In this interview, Shannon McDonald talks about her experiences and motivations as a ReUp Success Coach and the importance of making students feel seen, heard, and supported.
How do you apply your own experiences and challenges with college to support your students?
I use a lot of my past and personal experience to support students. I’m a first-generation college graduate. I hold two degrees; I obtained my MA while also delivering a baby without taking time off, so having a traditional and nontraditional success story helps with perspective.
Also, my father is a true educational inspiration that I draw on for adult learners who are 50+. My dad got his RN at 58 and later his BSN. He worked full-time on weekends and lived apart from my mom most of the week while attending classes in person on a traditional class schedule 2.5 hours away from his house. It took five years, and he was valedictorian of his class. He instilled a belief that lifelong learning was not only possible but essential in this professional world and economy. He’s my example when coaching on age awareness and issues older folks may be struggling with when they first decide to look into going back.
What do you love most about being a coach?
I love that I can encourage individuals to embrace their goals and dreams and illuminate the skills, knowledge, and abilities they’ll need to reach them. I really believe that people can achieve their dreams, no matter how far removed they may be or seem to be in college.
What is special about the way ReUp works with students?
First, we assume you are a whole and capable person from start to finish. We seek only to shine a light on the unknown so a person may make the best decision for themselves, their families, and their futures.
Secondly, we work with folks as long as it takes, whereas in my coaching past, that was not possible due to the organization’s business model. When the end goal is a diploma and life is a constant, the long-term connection makes real change visible and holistic.
What differences has it made in students’ lives?
For some, it’s just a check-in now and again to feel connected to the goal of returning or finishing, whereas for others, I know so much about their personal lives, families, etc.—it’s true connectivity. ReUp coaching says, “I believe in you,” and that’s new for a lot of folks who have had to press pause on education for many very understandable and unpreventable reasons.
In your work with students, what do you think are some of the biggest misconceptions universities have about students who have taken a break from school?

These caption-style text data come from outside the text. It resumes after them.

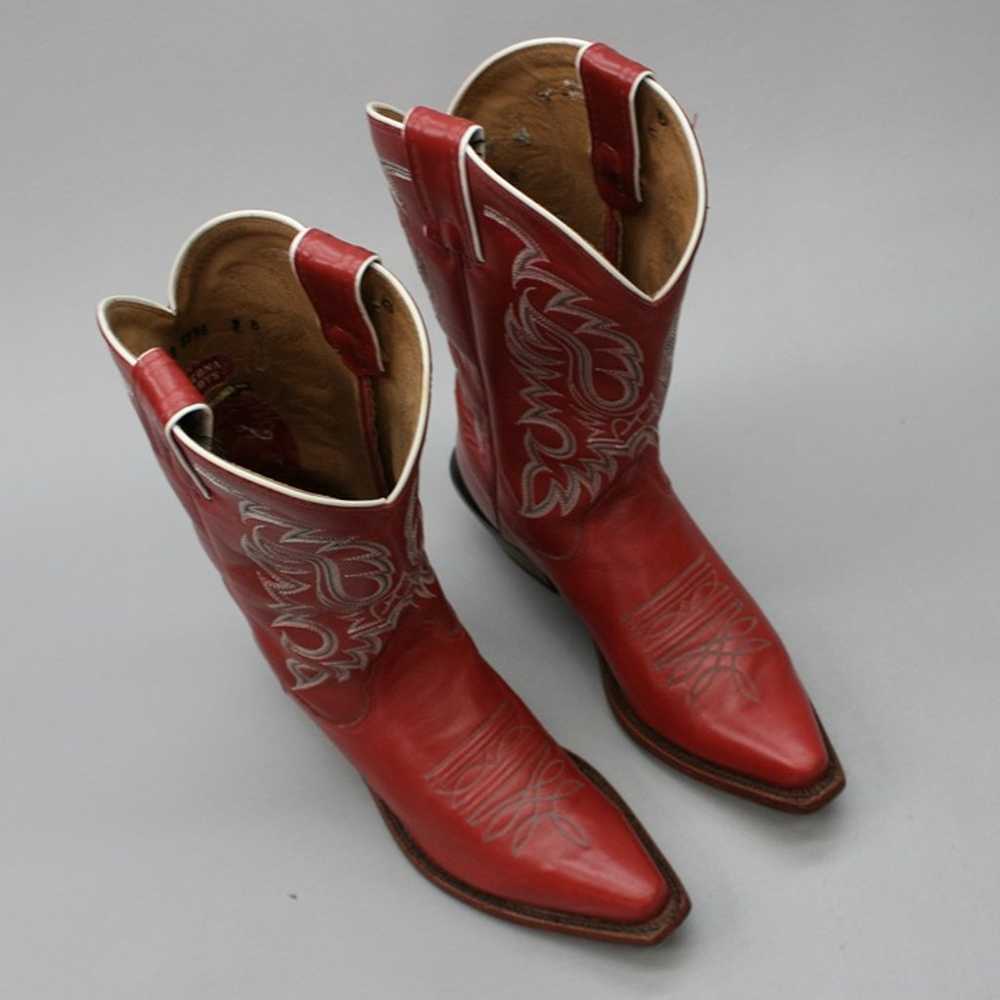 Nocona Ladies 7 B Soft Ice Legacy Red Leather  Sn… - image 6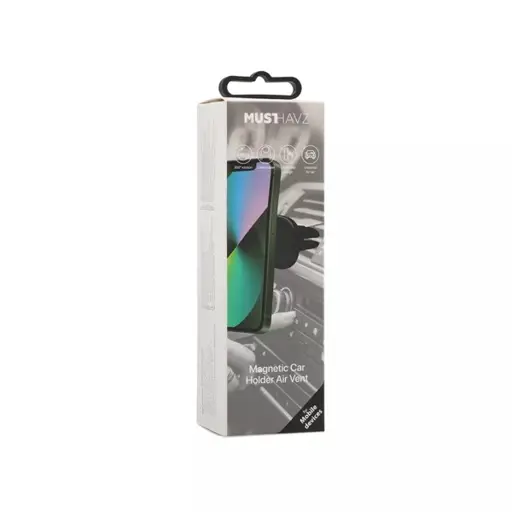 Universal Magnetic Car Holder by Musthavz Black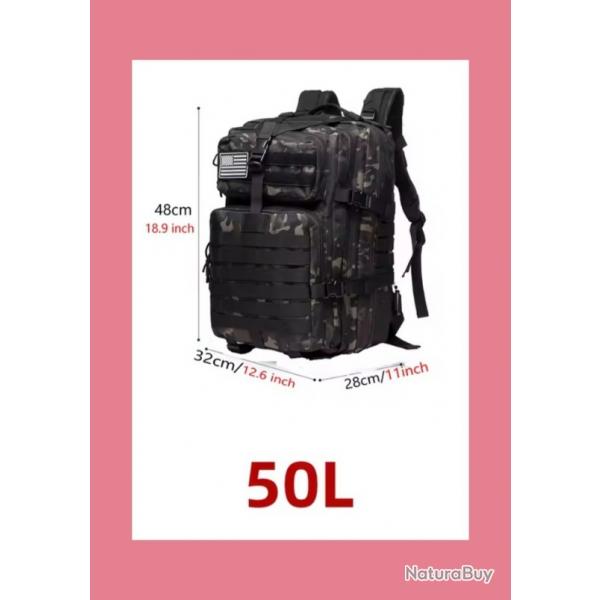 Sac  dos impermable 50 L ( envoi gratuit )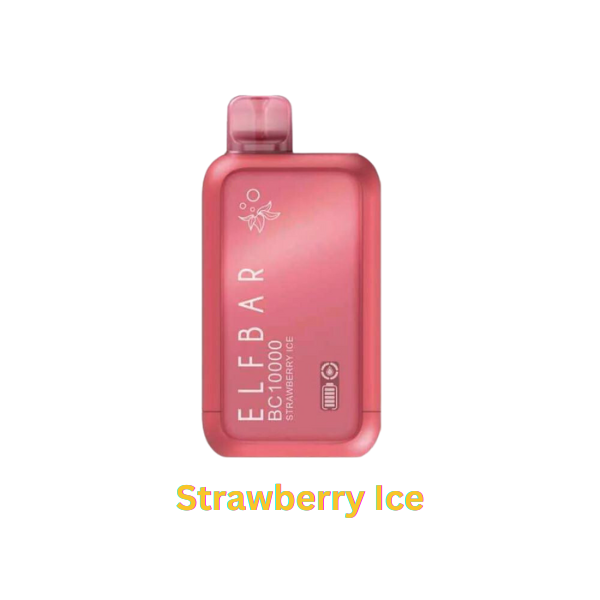 Elf Bar 10000 Puffs Disposable Vape 5% Nicotine strawberry ice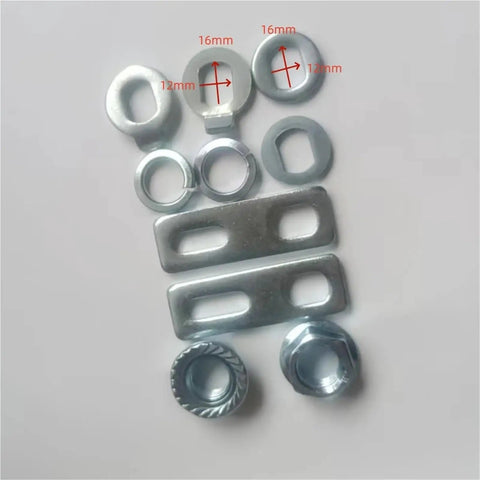 Pro Grade M16 Electric Bike Axle Nut Set For Hub Motor Install Gear With Gasket And Washer Stopper Durable Corrosion Resistant Hardware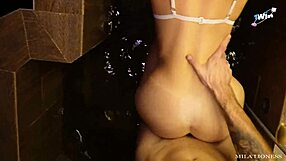 Stepmom Tests Virgin Stepson's Gayness with Intense Sauna Sex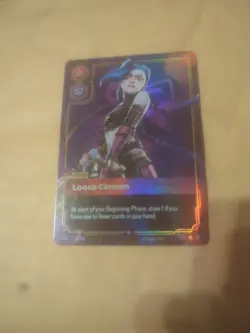 Riftbound Loose Cannon English Jinx Legend card 251/298 FULL ART FOIL - Image 1
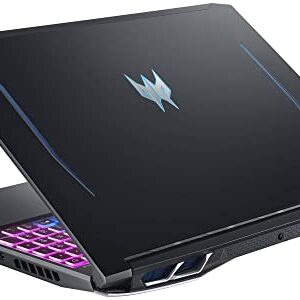 Acer Predator Helios 300 Gaming & Entertainment Laptop (Intel i9-11900H 8-Core, 64GB RAM, 1TB PCIe SSD + 2TB HDD, GeForce RTX 3060, 15.6" 144Hz Win 10 Pro) with MS 365 Personal, Hub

Ten to twelve years ago, the term stopout didn’t exist in common vernacular. Dropout was the go-to for anyone who started a degree but didn’t finish it. The landscape is changing to allow for more compassionate language, but some of the more traditional reasons for leaving are still deeply believed by college administrators. For instance, many still believe if you have a low GPA, you must not be a “good student” and perhaps do not deserve accommodations to continue.
“Breaking the misconception that it’s an individual’s lack of determination or commitment by highlighting the core reasons that lead to a student dropping out, I believe, will help show how universities might change policies and procedures to make college more accessible to everyone.”
Academic success is not always just discipline, intelligence, or academic rigor. More often than not, major life events impact a person’s ability to focus on their studies and may lead to a low GPA. Breaking the misconception that it’s an individual’s lack of determination or commitment by highlighting the core reasons that lead to a student dropping out, I believe, will help show how universities might change policies and procedures to make college more accessible to everyone. Such actions include flexibility for adult learners and class schedules that allow for workers to balance the professional, educational, and personal aspects of their lives. For college to be accessible to all learners, stopouts, or adults overall, it’s important to see through the surface reasons students drop out and find the core challenges in order to effect real change at an institution.
Why is ReUp important for the education industry overall?
ReUp holds space for adults to explore how to reintegrate school into their lives and why they want to in the first place. Coaching can inform their understanding of themselves and their educational goals to create active learners who are more in control of their trajectories and can build working relationships with faculty and staff for collaborative ownership. We also share feedback and trends with partners to help pinpoint pain points universities might be able to remove for a more seamless return.